Mi viejo tiene un método de silencio: escucha hasta que las paredes se acomodan y entonces dice dos palabras que alcanzan. Mi vieja insiste con un “¿necesitás algo?” que llega a cualquier hora; es un puente que no sabía cruzar. Mi tía también cambió de voz: dejó de sermonear, ahora pregunta.
Entiendo algo que antes no: no estaba preso, estaba asustado. La celda la armé yo con discursos heredados y un orgullo flaco. Lo irónico es que esa cárcel me salvó cuando debía; hoy tengo que abrirla. La adultez no es sólo pagar cuentas: es incluir a la familia en el camino del bienestar.

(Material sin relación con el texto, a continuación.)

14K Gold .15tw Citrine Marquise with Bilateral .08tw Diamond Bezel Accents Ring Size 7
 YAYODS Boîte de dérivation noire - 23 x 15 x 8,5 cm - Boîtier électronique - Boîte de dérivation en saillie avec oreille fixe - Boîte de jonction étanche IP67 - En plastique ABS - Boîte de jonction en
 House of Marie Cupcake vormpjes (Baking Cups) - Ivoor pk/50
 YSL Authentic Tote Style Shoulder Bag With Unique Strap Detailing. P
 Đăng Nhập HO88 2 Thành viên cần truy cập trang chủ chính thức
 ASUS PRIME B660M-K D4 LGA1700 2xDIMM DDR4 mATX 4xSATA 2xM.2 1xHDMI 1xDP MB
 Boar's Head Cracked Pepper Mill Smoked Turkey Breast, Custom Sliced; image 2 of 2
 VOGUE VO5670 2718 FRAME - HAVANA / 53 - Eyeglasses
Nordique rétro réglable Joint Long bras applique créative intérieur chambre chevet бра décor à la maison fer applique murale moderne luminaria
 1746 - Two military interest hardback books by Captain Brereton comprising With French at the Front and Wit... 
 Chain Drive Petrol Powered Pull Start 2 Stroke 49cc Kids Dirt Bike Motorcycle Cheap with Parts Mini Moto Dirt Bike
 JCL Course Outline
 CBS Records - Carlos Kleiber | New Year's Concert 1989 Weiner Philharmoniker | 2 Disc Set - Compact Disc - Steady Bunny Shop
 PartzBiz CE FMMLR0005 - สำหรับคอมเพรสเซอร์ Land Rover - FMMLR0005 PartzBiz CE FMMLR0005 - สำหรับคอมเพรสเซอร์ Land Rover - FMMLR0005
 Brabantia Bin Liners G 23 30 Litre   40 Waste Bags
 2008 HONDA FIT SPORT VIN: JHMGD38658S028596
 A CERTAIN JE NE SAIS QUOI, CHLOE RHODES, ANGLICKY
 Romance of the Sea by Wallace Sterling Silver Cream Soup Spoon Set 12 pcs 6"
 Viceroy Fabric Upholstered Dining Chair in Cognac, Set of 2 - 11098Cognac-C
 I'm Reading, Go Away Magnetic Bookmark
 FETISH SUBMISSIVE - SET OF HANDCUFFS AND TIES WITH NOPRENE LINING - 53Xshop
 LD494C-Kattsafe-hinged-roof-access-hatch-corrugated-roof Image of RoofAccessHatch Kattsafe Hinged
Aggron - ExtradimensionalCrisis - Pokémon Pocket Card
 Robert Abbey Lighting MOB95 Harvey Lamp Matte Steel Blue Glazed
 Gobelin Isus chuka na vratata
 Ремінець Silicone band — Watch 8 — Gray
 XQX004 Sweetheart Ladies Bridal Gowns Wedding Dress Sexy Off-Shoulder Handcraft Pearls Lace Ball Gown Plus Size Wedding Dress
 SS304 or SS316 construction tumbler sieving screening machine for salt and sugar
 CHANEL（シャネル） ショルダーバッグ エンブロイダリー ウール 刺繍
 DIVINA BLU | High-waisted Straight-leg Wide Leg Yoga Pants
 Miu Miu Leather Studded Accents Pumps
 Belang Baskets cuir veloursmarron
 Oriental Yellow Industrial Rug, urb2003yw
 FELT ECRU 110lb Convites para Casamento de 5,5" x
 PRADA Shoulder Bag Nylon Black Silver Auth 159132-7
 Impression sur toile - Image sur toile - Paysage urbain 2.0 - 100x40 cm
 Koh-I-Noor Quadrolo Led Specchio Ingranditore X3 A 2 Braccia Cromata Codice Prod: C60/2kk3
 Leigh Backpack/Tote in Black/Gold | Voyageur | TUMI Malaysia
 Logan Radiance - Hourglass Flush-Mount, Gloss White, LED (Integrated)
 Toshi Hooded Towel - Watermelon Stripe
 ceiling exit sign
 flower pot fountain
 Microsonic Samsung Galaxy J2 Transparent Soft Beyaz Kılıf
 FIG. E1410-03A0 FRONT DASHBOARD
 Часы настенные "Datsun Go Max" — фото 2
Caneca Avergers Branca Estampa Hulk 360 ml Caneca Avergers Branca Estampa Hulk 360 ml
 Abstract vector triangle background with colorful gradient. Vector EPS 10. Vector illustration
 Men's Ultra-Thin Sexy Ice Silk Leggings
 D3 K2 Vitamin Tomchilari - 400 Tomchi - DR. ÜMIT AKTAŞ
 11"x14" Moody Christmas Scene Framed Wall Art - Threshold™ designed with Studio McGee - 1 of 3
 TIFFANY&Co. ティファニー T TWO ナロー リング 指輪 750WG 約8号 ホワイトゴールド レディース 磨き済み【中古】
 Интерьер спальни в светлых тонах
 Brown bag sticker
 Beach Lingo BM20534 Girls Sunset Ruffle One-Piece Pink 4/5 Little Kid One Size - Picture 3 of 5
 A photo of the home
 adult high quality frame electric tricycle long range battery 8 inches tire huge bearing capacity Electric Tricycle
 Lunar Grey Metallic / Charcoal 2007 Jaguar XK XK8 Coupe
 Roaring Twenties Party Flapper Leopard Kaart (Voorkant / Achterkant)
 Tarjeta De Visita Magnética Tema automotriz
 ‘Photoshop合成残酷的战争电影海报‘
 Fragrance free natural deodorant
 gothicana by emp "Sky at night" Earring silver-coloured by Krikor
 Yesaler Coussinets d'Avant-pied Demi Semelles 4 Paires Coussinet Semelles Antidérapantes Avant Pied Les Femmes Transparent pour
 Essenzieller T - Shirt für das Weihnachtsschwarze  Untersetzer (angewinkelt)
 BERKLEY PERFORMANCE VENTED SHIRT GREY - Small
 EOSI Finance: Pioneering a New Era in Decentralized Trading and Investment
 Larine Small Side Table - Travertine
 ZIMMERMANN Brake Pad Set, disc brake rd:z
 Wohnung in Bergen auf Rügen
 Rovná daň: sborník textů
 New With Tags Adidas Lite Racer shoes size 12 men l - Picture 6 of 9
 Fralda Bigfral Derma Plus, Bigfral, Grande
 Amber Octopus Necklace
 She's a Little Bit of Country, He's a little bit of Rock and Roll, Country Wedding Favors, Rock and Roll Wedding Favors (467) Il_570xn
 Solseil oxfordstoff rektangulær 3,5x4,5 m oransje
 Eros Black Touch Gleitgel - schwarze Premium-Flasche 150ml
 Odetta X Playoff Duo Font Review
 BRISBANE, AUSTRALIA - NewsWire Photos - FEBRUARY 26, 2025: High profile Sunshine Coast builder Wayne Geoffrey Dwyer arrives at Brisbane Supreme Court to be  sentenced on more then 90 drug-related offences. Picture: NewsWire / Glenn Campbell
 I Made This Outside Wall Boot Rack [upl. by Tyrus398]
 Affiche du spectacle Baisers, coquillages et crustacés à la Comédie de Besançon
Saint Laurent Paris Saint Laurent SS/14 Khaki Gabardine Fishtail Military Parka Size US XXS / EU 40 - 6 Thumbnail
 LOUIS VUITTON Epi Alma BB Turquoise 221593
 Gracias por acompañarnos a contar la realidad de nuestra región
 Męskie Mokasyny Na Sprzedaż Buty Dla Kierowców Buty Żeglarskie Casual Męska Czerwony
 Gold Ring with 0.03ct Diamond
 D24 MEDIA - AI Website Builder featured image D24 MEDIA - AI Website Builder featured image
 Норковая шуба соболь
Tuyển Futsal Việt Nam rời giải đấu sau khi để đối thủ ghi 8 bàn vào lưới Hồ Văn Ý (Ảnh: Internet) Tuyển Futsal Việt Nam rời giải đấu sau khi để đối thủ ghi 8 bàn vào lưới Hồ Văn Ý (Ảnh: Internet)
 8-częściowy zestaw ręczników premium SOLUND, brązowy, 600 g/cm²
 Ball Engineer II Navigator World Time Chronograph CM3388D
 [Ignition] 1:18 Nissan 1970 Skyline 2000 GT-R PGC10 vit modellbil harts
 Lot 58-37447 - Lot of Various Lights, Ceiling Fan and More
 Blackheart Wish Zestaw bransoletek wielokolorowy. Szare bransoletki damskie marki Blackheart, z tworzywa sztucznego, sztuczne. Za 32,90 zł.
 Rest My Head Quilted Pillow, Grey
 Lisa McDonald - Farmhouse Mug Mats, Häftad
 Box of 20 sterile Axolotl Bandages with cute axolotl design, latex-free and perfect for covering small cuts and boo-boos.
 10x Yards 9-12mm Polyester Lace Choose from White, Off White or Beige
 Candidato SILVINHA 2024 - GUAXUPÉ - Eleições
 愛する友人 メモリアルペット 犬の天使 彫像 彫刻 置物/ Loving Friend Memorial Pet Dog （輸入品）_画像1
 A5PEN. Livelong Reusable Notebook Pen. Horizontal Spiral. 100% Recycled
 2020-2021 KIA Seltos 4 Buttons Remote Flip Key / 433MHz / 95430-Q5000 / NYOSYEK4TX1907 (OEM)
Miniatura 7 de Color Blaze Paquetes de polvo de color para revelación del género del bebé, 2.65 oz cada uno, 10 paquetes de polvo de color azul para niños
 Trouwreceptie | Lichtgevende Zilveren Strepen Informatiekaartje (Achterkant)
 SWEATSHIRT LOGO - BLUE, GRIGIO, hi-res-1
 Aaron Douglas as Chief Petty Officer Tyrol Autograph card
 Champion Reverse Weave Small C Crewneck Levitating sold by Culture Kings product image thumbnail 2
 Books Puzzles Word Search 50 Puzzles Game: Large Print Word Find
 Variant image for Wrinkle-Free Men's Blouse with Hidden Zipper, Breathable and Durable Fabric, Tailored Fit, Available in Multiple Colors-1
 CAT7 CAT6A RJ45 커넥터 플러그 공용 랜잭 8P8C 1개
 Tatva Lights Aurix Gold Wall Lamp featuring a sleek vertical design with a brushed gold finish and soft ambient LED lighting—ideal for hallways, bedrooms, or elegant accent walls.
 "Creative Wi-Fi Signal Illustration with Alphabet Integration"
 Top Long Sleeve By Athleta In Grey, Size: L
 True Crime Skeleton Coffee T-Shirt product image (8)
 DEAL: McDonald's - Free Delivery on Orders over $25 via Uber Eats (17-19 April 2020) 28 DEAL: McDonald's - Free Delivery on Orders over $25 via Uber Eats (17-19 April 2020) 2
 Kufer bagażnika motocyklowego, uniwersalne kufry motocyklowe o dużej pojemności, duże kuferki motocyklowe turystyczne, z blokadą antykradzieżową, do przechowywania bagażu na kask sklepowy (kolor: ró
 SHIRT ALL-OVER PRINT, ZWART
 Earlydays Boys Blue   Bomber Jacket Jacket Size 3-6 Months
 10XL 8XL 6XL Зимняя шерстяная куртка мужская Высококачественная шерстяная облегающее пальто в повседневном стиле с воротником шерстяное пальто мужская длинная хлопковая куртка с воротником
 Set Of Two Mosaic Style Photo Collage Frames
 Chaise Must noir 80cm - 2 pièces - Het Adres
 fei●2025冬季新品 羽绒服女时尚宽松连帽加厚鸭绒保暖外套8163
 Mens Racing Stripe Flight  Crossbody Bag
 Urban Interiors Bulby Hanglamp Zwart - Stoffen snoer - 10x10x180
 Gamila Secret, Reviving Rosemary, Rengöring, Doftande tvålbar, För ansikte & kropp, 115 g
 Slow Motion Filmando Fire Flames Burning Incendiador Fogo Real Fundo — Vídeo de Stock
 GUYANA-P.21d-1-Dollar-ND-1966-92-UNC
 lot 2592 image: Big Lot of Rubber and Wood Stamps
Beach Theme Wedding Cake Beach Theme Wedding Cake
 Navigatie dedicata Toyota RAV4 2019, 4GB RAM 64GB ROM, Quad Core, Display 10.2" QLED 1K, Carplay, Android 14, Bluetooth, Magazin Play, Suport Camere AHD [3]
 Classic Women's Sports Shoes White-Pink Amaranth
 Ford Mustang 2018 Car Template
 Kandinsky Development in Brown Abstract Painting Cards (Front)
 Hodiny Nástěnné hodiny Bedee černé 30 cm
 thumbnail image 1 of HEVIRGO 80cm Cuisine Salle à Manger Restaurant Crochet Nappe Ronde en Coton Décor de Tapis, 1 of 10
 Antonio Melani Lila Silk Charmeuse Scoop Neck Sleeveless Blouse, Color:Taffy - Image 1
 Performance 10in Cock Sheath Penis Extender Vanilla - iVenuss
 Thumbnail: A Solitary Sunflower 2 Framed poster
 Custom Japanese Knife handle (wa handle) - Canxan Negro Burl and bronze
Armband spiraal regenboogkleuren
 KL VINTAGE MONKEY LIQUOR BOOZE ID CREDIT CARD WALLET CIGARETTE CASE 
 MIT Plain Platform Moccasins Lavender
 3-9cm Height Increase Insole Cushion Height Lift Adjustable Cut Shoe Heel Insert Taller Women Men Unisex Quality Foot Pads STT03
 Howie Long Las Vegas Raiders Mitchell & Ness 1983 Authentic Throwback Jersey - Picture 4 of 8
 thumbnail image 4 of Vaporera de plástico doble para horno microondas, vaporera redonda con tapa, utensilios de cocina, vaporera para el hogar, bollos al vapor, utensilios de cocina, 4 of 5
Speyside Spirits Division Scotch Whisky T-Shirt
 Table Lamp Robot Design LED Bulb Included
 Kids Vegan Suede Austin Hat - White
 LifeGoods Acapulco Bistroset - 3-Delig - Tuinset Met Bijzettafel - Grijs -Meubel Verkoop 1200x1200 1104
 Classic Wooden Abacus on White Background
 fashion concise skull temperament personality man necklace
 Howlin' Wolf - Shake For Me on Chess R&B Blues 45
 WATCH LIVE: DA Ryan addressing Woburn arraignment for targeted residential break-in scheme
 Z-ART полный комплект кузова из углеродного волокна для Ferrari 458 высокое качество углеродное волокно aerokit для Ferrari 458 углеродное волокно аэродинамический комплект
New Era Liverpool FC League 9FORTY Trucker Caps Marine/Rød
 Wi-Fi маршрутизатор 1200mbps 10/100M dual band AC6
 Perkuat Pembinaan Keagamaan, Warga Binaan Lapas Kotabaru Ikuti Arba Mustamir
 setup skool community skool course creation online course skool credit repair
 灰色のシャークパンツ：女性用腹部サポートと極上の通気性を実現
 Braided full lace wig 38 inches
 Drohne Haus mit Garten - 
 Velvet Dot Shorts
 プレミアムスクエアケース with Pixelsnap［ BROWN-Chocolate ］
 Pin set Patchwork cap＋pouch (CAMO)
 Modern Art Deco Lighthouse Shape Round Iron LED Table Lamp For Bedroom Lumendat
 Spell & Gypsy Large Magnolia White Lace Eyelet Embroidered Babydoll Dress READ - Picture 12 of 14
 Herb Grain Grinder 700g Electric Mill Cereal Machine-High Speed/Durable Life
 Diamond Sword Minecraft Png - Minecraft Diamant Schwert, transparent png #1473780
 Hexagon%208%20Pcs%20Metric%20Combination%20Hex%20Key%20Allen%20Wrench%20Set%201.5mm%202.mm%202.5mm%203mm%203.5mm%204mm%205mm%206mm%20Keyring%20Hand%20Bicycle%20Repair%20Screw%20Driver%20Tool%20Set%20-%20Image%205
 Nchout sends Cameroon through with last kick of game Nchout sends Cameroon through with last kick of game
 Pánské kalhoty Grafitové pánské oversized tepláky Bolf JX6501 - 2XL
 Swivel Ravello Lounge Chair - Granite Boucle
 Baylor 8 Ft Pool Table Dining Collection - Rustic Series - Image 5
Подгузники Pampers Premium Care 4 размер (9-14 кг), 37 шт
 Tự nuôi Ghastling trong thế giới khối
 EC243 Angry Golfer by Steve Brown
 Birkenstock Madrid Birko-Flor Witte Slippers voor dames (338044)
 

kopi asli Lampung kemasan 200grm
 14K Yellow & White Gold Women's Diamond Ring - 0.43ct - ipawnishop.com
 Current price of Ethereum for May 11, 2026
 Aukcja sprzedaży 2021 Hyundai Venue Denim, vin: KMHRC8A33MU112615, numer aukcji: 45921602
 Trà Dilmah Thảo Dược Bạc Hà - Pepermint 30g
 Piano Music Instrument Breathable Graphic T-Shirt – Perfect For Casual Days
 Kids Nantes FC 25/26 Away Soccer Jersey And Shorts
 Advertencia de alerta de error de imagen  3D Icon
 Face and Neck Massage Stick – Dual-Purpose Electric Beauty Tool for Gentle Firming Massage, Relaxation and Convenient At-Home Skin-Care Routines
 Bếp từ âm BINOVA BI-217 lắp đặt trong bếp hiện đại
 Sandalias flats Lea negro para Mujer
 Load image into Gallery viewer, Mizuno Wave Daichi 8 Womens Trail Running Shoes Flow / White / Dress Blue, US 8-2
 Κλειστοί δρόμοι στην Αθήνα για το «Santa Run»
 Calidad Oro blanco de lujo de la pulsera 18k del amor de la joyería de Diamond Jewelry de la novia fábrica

En este tramo me toca ser mi propio padre: guiar al pibe que se quedó en esta ciudad mirando por la ventana. No es integrar ni destruir: es guiar. Mostrarle las veredas nuevas, explicarle que la felicidad no es delito, que nadie nos persigue, que podemos hacer las paces con nuestros apellidos sin dejar de ser nosotros.
De noche, vuelvo a leer lo que escribo y siento el latido en la garganta. Me arde la nuca, se me duermen los antebrazos, el corazón pelea con el frío. Respiro por la nariz, cuatro tiempos, y se afloja el nudo. Hago lugar en el pecho: va a entrar lo que viene.